TASK DETAILS - Set down exactly the lines from the one containing "BELİ KUŞAKLI ÇİZGİLİ KETEN ELBİSE" to the final line of the records below, with every picture omitted.

EXTRACTED INFORMATION -

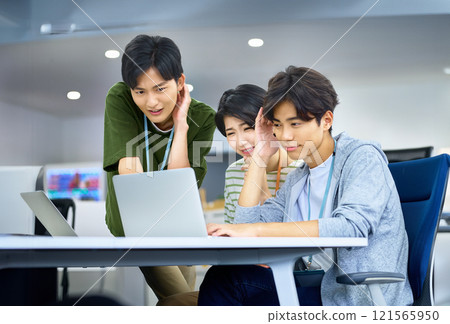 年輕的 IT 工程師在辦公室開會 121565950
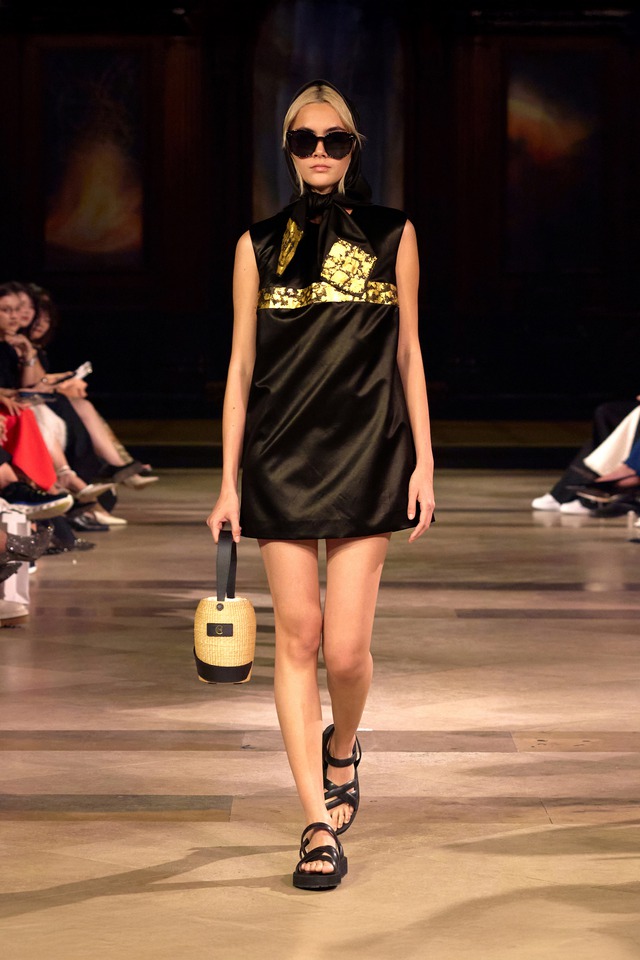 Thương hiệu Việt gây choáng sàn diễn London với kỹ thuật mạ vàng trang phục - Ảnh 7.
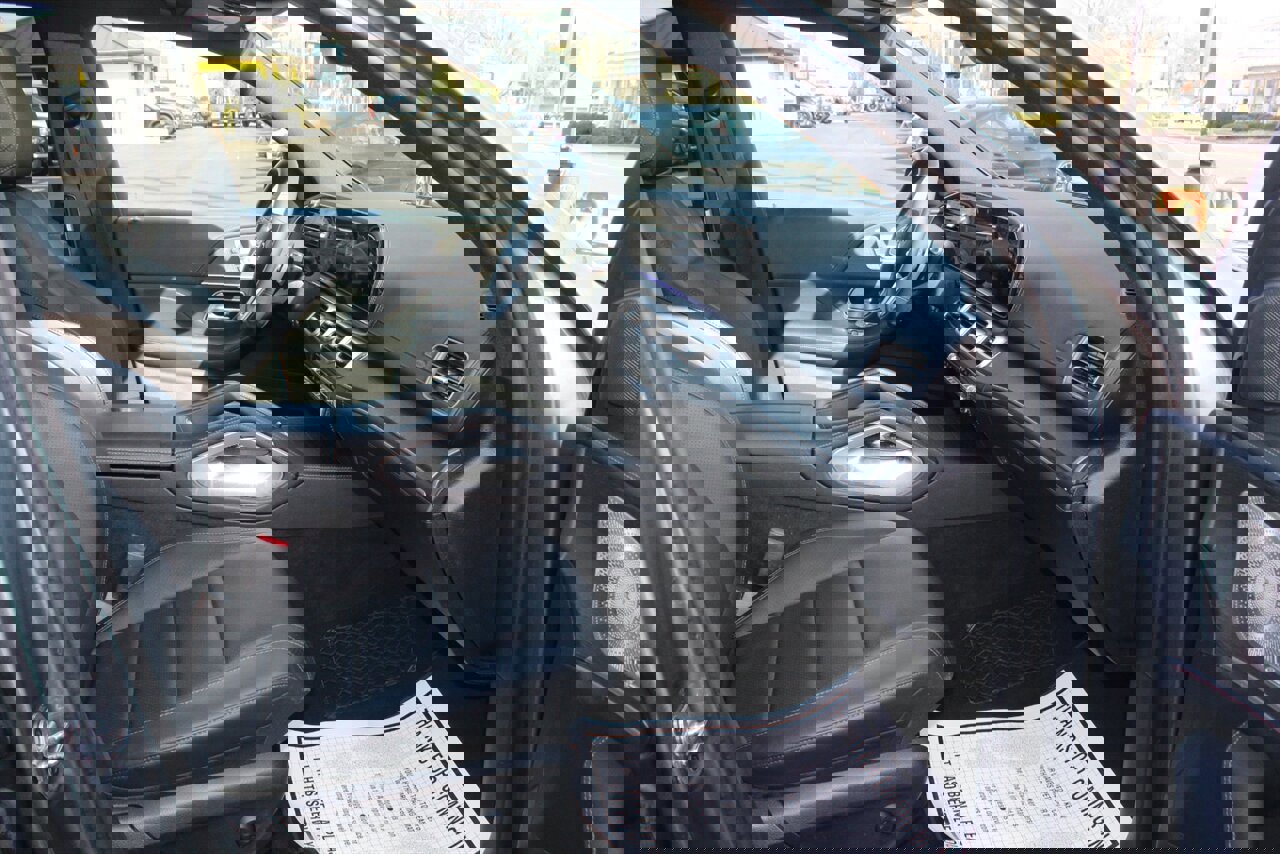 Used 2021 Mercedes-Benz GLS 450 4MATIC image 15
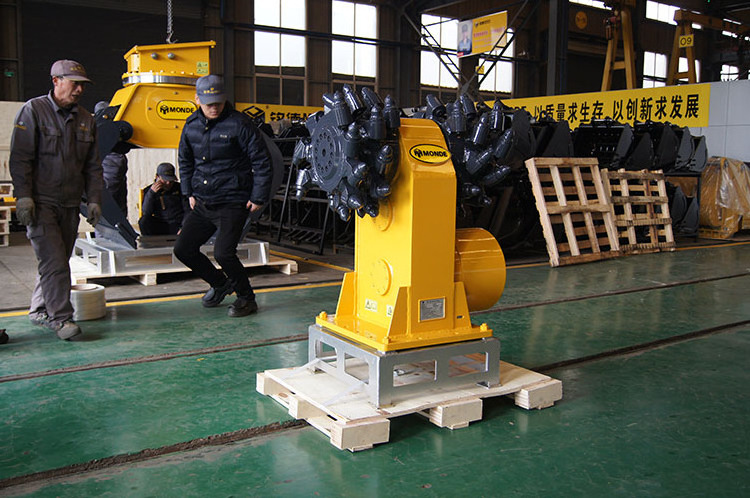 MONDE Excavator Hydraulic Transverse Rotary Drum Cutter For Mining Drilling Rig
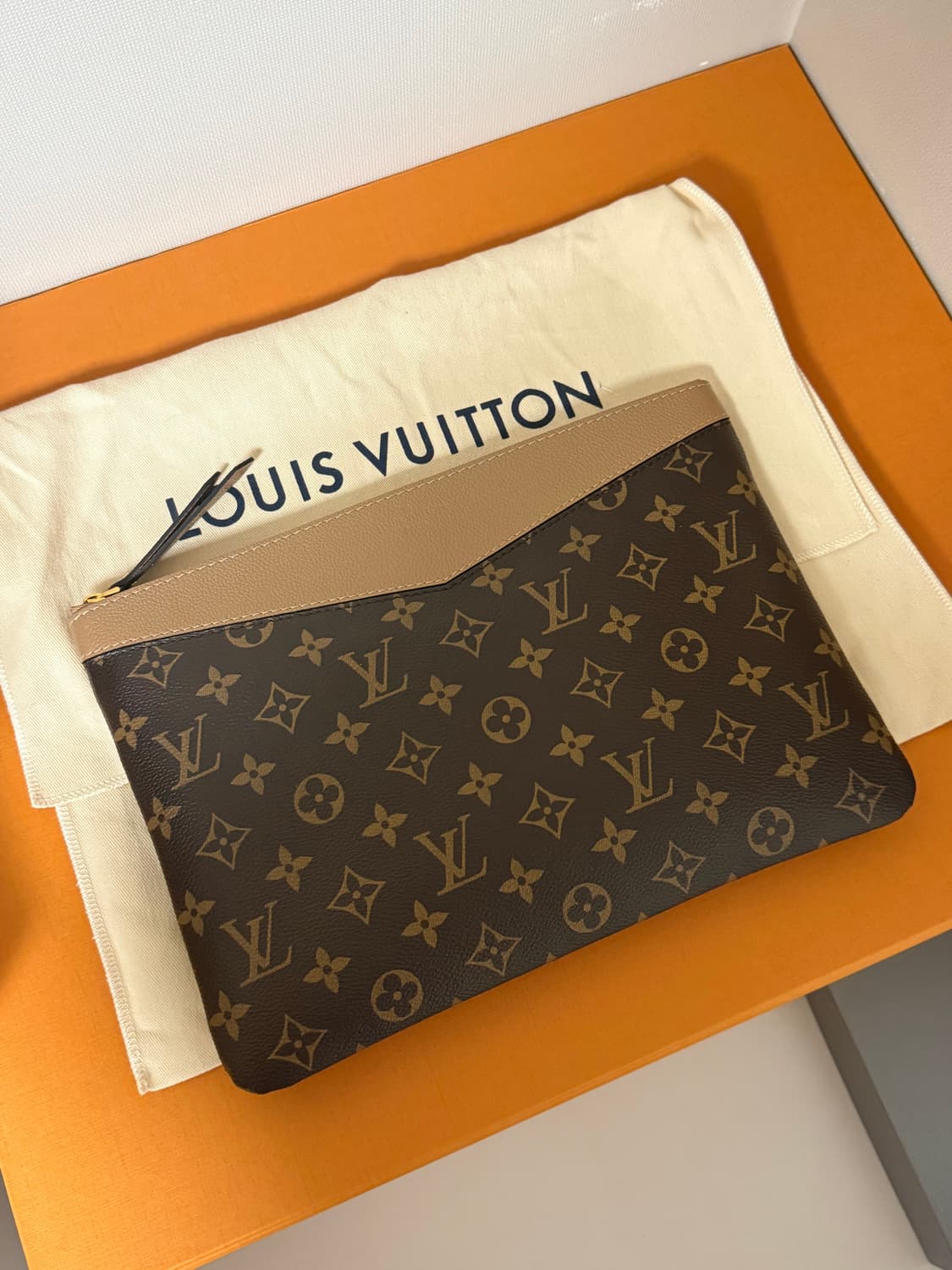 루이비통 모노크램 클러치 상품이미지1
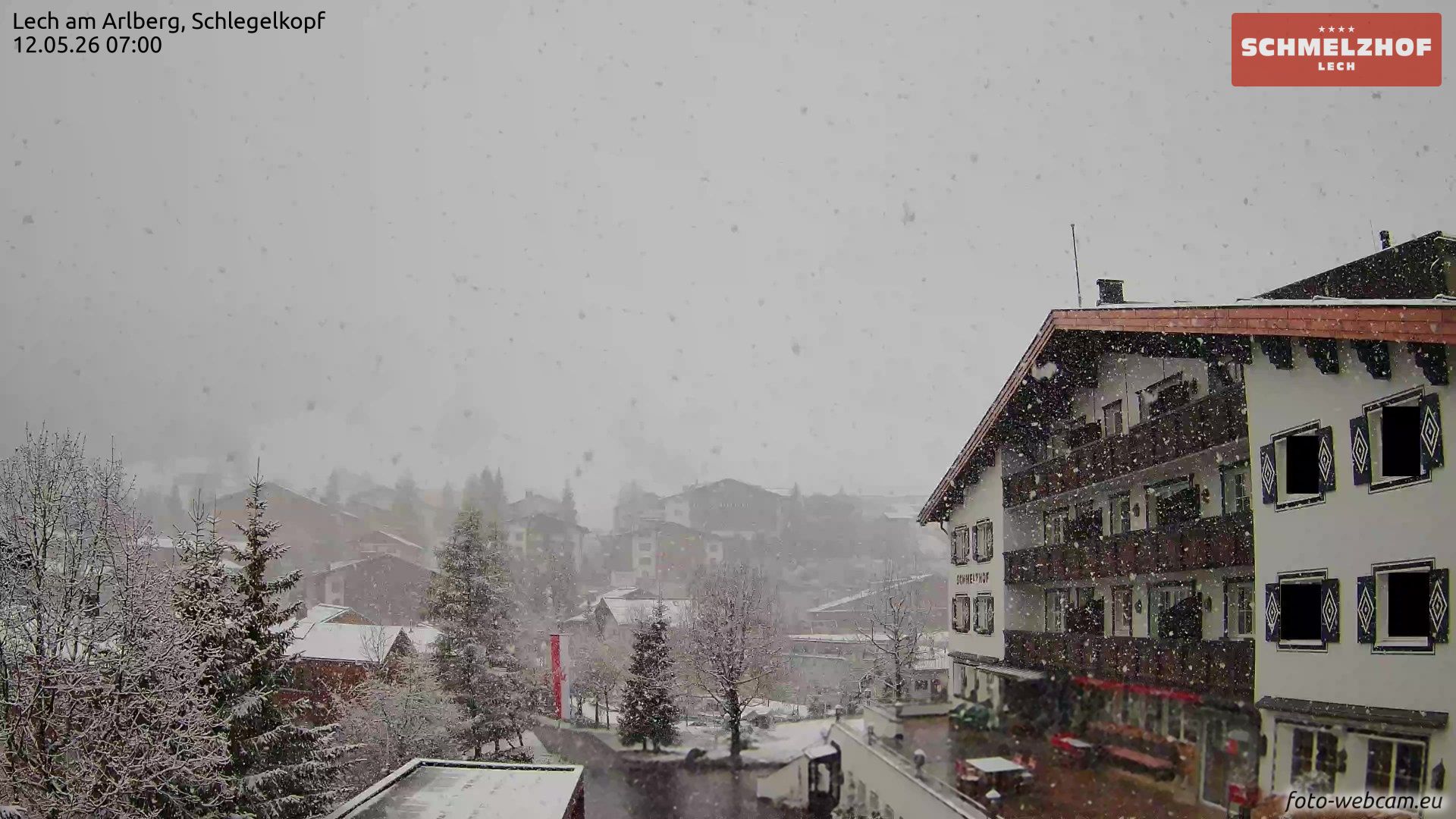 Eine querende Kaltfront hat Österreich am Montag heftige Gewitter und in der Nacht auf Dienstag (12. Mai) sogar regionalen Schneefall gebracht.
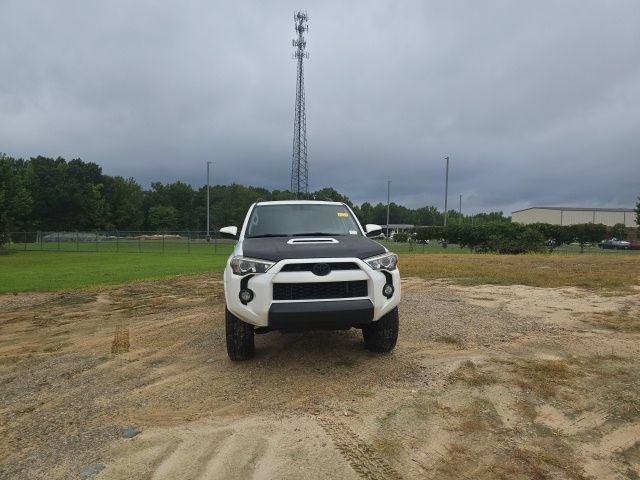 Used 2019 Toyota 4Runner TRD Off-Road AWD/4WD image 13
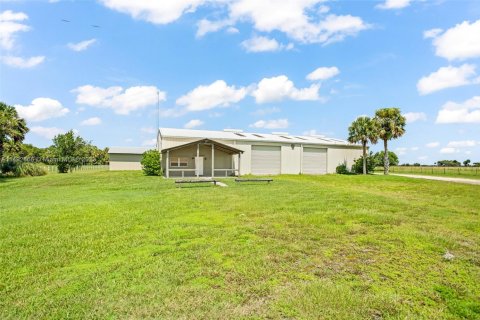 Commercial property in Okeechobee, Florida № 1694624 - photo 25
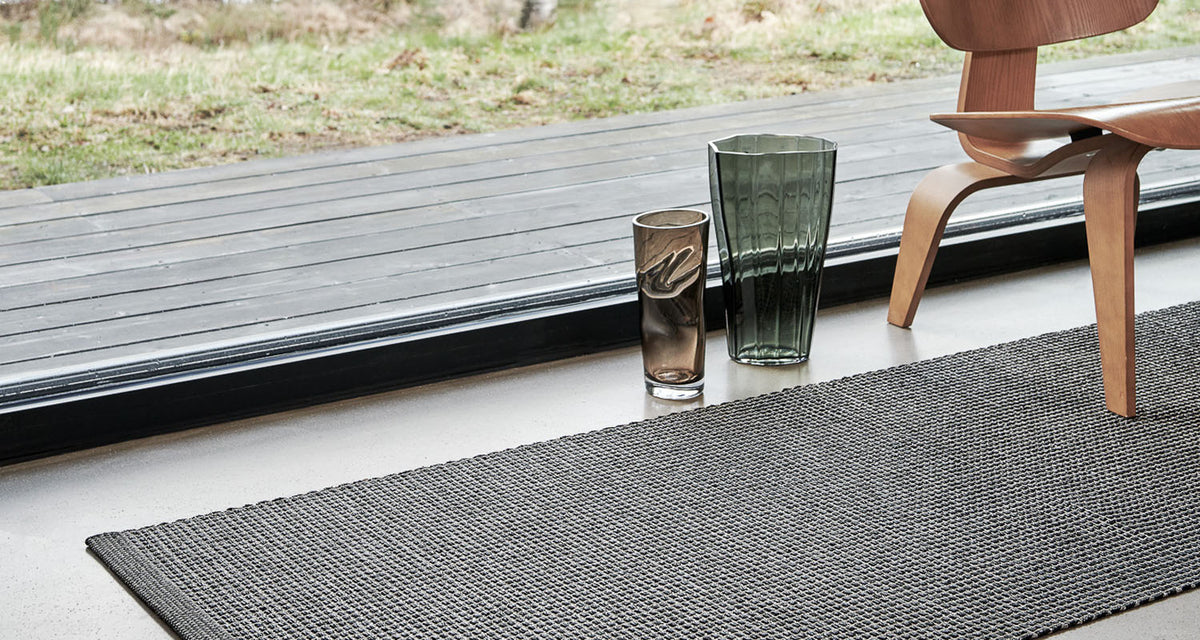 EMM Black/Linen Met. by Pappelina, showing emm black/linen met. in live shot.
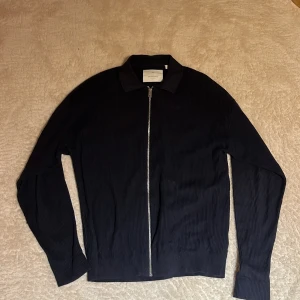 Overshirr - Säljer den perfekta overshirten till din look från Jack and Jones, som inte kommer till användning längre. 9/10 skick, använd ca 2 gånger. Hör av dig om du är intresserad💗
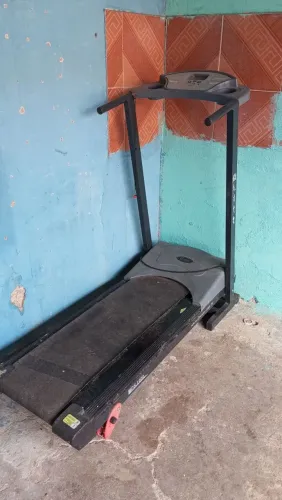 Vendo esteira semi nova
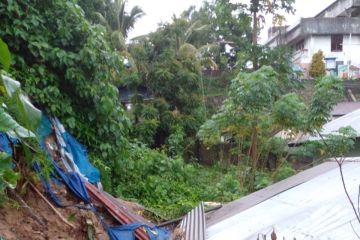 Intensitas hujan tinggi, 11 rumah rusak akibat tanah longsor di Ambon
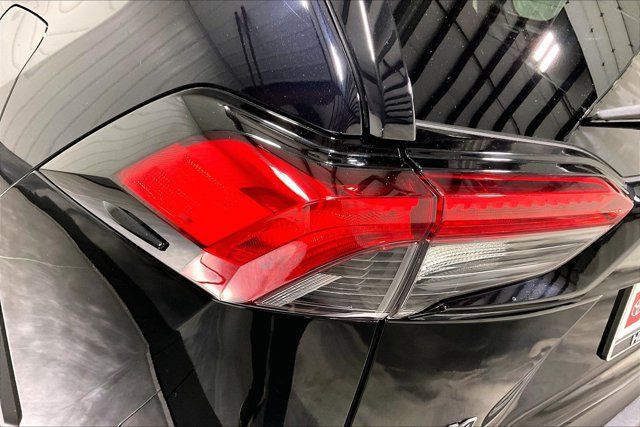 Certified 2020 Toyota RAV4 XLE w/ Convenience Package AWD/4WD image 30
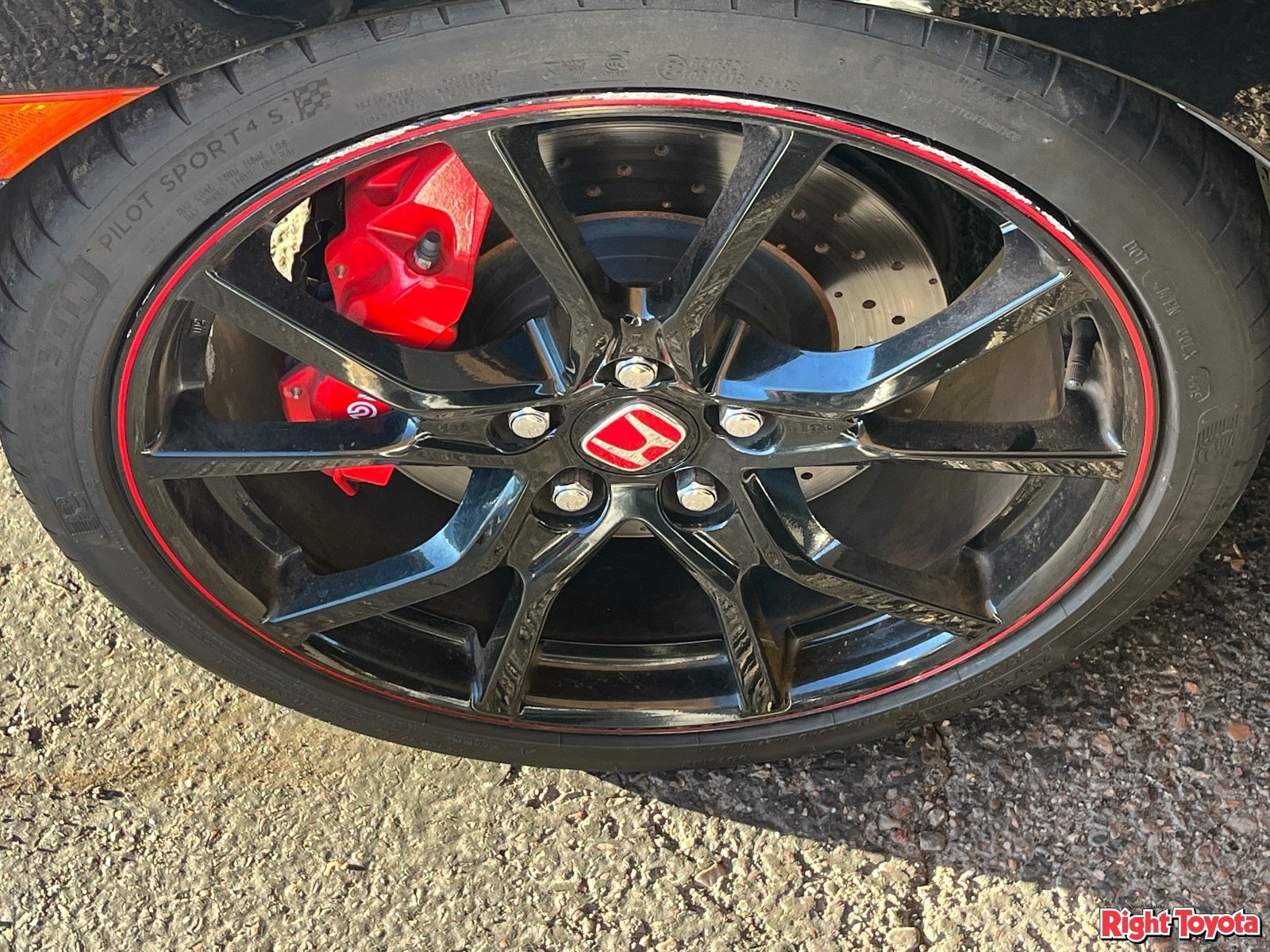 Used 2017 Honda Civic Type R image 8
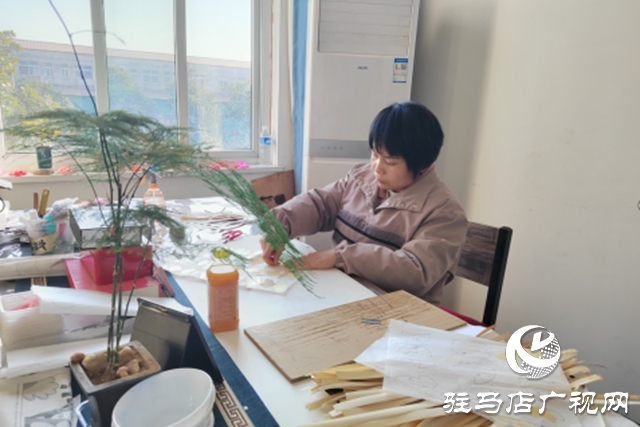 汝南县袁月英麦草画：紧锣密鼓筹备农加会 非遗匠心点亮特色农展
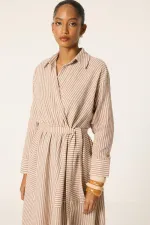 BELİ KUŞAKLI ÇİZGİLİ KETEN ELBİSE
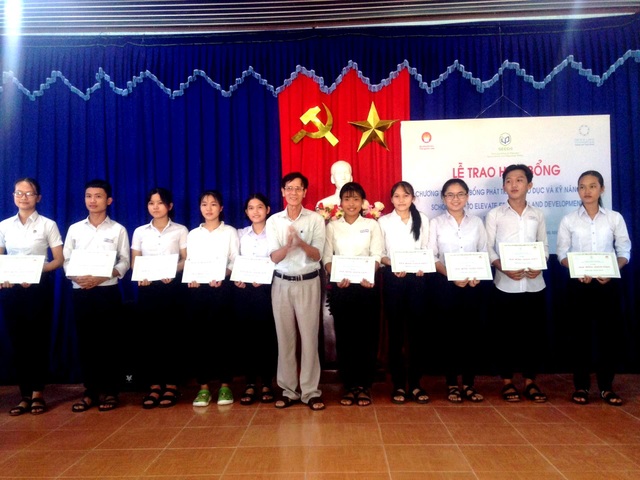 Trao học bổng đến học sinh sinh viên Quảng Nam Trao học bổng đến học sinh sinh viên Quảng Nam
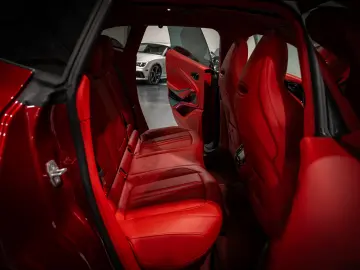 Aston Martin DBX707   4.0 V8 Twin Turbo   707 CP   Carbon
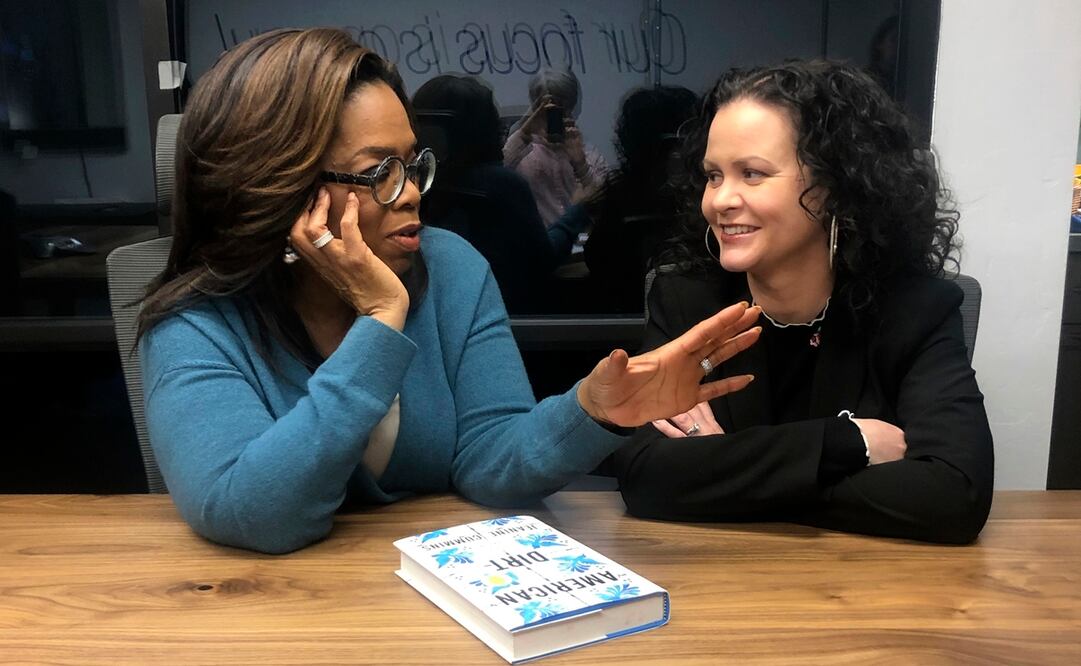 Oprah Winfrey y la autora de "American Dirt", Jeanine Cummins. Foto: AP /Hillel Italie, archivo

TASK RESPONSE -
 BELİ KUŞAKLI ÇİZGİLİ KETEN ELBİSE
 Trao học bổng đến học sinh sinh viên Quảng Nam Trao học bổng đến học sinh sinh viên Quảng Nam
 Aston Martin DBX707   4.0 V8 Twin Turbo   707 CP   Carbon
 Oprah Winfrey y la autora de "American Dirt", Jeanine Cummins. Foto: AP /Hillel Italie, archivo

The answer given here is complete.